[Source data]
= = =

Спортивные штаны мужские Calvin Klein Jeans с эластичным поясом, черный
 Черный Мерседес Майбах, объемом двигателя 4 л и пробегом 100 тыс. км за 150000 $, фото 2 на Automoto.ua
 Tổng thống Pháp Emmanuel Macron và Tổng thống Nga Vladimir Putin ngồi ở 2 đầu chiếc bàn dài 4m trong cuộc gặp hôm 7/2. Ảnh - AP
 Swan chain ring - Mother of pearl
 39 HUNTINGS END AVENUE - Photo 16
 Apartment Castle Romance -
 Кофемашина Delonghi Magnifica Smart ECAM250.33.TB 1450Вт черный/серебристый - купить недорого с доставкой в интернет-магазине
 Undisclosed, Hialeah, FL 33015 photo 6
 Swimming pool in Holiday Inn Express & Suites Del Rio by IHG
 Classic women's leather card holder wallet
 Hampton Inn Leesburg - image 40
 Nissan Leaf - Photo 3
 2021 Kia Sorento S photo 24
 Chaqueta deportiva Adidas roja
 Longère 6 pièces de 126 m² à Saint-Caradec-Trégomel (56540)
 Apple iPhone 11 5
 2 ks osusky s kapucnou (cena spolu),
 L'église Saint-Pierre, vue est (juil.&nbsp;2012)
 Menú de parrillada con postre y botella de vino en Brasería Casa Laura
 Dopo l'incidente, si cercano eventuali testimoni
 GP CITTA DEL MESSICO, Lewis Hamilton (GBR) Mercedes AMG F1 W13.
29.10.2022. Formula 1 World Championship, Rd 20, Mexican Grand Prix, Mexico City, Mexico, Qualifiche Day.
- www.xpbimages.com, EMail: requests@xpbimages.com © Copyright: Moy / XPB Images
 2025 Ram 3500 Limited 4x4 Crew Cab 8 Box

= = =

Reproduce the entries exactly. Every word has to stay the same.

(ANSWER TO THE PROBLEM)
Спортивные штаны мужские Calvin Klein Jeans с эластичным поясом, черный
 Черный Мерседес Майбах, объемом двигателя 4 л и пробегом 100 тыс. км за 150000 $, фото 2 на Automoto.ua
 Tổng thống Pháp Emmanuel Macron và Tổng thống Nga Vladimir Putin ngồi ở 2 đầu chiếc bàn dài 4m trong cuộc gặp hôm 7/2. Ảnh - AP
 Swan chain ring - Mother of pearl
 39 HUNTINGS END AVENUE - Photo 16
 Apartment Castle Romance -
 Кофемашина Delonghi Magnifica Smart ECAM250.33.TB 1450Вт черный/серебристый - купить недорого с доставкой в интернет-магазине
 Undisclosed, Hialeah, FL 33015 photo 6
 Swimming pool in Holiday Inn Express & Suites Del Rio by IHG
 Classic women's leather card holder wallet
 Hampton Inn Leesburg - image 40
 Nissan Leaf - Photo 3
 2021 Kia Sorento S photo 24
 Chaqueta deportiva Adidas roja
 Longère 6 pièces de 126 m² à Saint-Caradec-Trégomel (56540)
 Apple iPhone 11 5
 2 ks osusky s kapucnou (cena spolu),
 L'église Saint-Pierre, vue est (juil.&nbsp;2012)
 Menú de parrillada con postre y botella de vino en Brasería Casa Laura
 Dopo l'incidente, si cercano eventuali testimoni
 GP CITTA DEL MESSICO, Lewis Hamilton (GBR) Mercedes AMG F1 W13.
29.10.2022. Formula 1 World Championship, Rd 20, Mexican Grand Prix, Mexico City, Mexico, Qualifiche Day.
- www.xpbimages.com, EMail: requests@xpbimages.com © Copyright: Moy / XPB Images
 2025 Ram 3500 Limited 4x4 Crew Cab 8 Box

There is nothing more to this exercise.